Nós; meu filho e eu!
Meu primogênito veio me visitar. Feliz da vida, festejei porque ele concluiu o ensino fundamental e ele, por outro lado, comentou sobre a festa de formatura que ocorreria aquela noite e, todo “pimpão” - eita termo velho! – falou-me de seu traje; que, enfim, iria sair por aí desfilando de terno. No ensejo, aproveitou para me pedir que eu lhe ensinasse a dar o nó na gravata. Sem pestanejar pedi-lhe que me desse a gravata que eu deixaria o nó já feito para uso.
Inconformado ele insistiu que queria aprender a dar o nó ele mesmo e não que eu fizesse isso em seu lugar. Por herança genética desta linhagem à qual pertenço, ele padece daquela presunção natural de que tudo pode aprender e fazer com a maior facilidade do mundo. Em regra, entre os “de Faria”, isso é verdade, contudo, chamei a atenção para que, no caso, é preciso não só aprender a dar o nó na gravata como, ainda, adquirir uma certa prática antes que o resultado final seja suficientemente aceitável para ser exibido por aí pendurado no pescoço.
Não teve jeito! Até sei a quem esse garoto puxou! Bateu o pé até que eu lhe desse as instruções necessárias. E, assim, pus-me a demonstrar na prática como a coisa se dá: “passe por aqui, torça ali, puxe acolá...” Tudo isso, obviamente, enquanto eu fazia movimentos mecânicos, adquiridos ao longo de décadas.
Algumas tentativas meu filho fez, contudo, em vão. Nada de o tal nó sair como deveria. Mostrei-lhe umas outras tantas vezes, bem como, fizemos juntos, um mirando o outro. Nada disso funcionou!
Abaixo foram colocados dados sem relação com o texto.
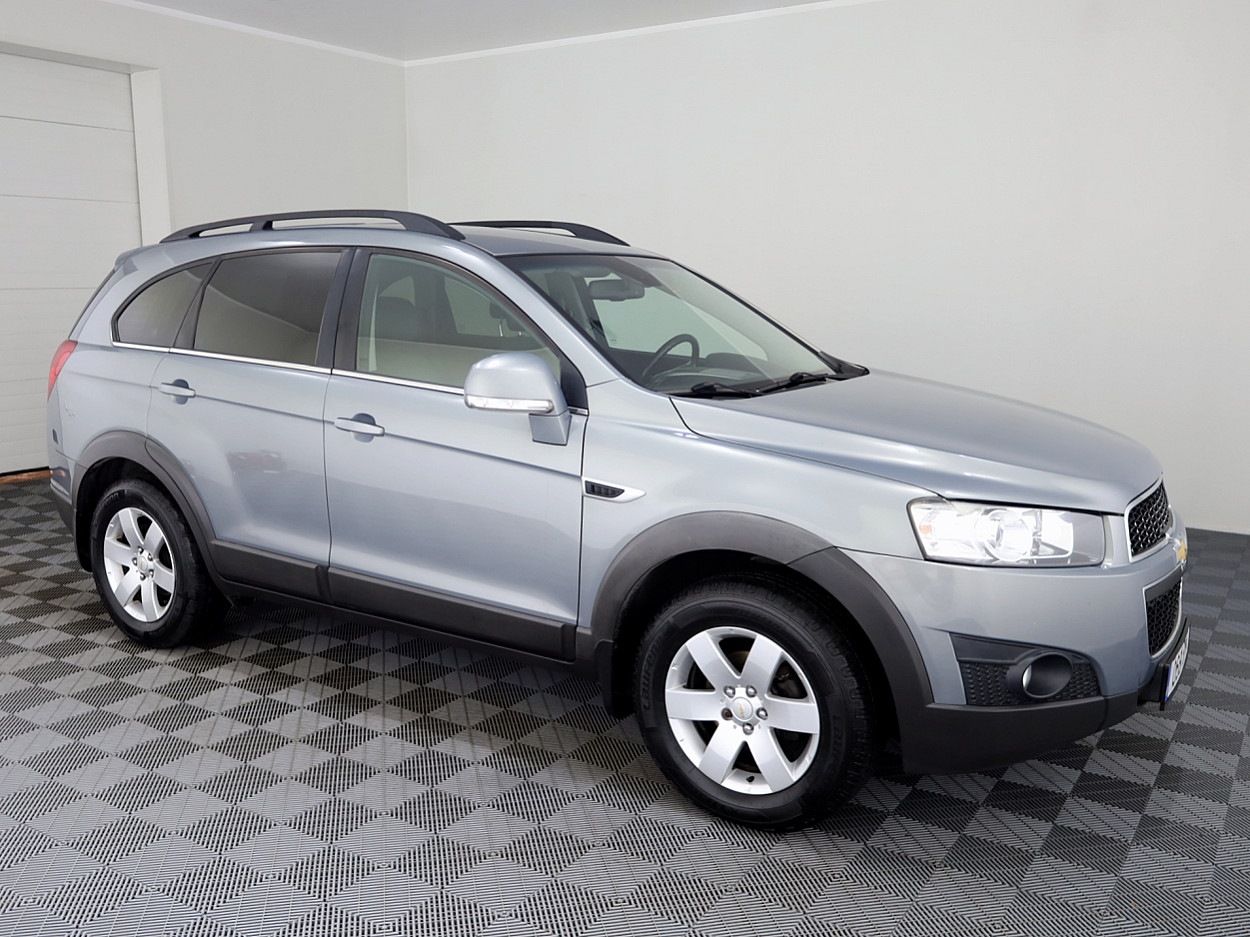 Chevrolet Captiva Luxury Facelift 2.2 CRD 120kW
Enfim, quando ele, minimamente, achou que já dava para se virar sozinho, resolveu treinar na estatueta que tenho decorando minha sala de estar. Pena que a estatueta não vá a festas, porque, por pouco, tivemos de decidir se cortávamos a gravata ou quebrávamos a peça, já que ele conseguiu enforcar a coitada de forma quase definitiva.
Como o tempo clamava por uma solução, ele acabou se dando por vencido e aceitou que eu deixasse sua gravata com o nó já preparado. De qualquer maneira, lançou um dramático vaticínio jurando que, em breve, daria nós em gravatas custasse o que custasse. Saiu, mesmo assim, excitado pois que antecipava aquele evento de mais à noite.
Fiquei eu, aqui, ruminando toda essa situação. Meu filho está virando um “hominho”. Contudo, tremo em pensar que, de agora em diante, suas dúvidas e incertezas tenderão a ser cada vez mais complexas e profundas – muito além, é claro, de meros nós de gravata. Essa é prática que se aprende por simples tradição. Afinal, as gravatas são, hoje, basicamente o que já vêm sendo há muito tempo ao longo de gerações. O que me preocupa é que o mundo está, cada vez mais, exigindo habilidades tantas que, confesso, não sei se eu mesmo estou preparado para enfrentá-lo como deveria.
A vida é cheia de descobertas e desafios e isso tudo só aguça o entusiasmo do meu garotão. Torço para que chegue logo o dia em que ele venha retribuir-me, ensinando algo sobre nós que terá de aprender por sua conta e risco. Como sei de que matéria ele é feito, penso que seu sucesso é inevitável!